SUPPLIED MATERIAL:
= Beginning of Section =

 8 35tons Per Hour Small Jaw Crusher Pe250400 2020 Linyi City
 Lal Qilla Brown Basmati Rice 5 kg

= End of Section =
= Beginning of Section =

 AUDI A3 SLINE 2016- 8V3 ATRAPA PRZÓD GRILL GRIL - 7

= End of Section =
= Beginning of Section =

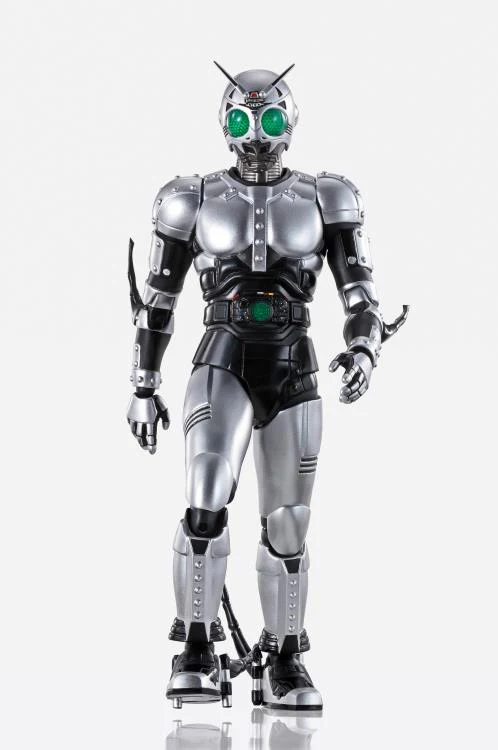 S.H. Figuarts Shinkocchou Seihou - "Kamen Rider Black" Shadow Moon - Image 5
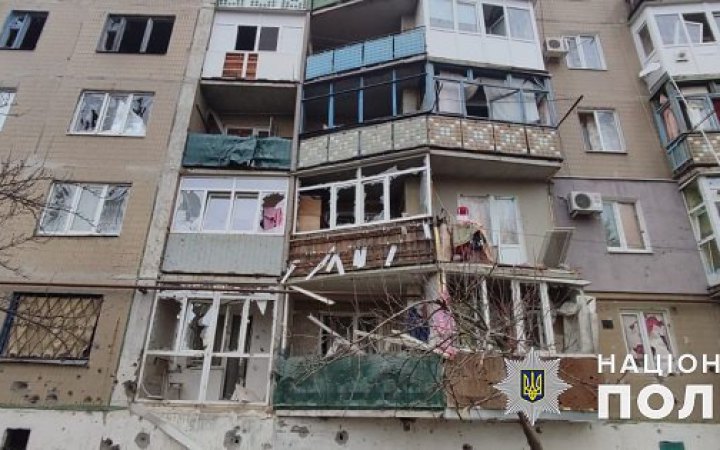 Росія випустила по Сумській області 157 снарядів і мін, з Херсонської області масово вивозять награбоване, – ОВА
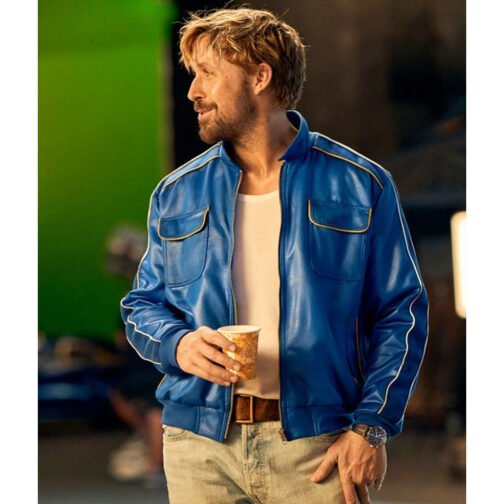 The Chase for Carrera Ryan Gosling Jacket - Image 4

= End of Section =

TASK TO COMPLETE: Of the lines above, copy only those from the one holding "S.H. Figuarts Shinkocchou" to the one holding "The Chase for", both included, and exclude every image.

RESULT FOR THIS TASK:
 S.H. Figuarts Shinkocchou Seihou - "Kamen Rider Black" Shadow Moon - Image 5
 Росія випустила по Сумській області 157 снарядів і мін, з Херсонської області масово вивозять награбоване, – ОВА
 The Chase for Carrera Ryan Gosling Jacket - Image 4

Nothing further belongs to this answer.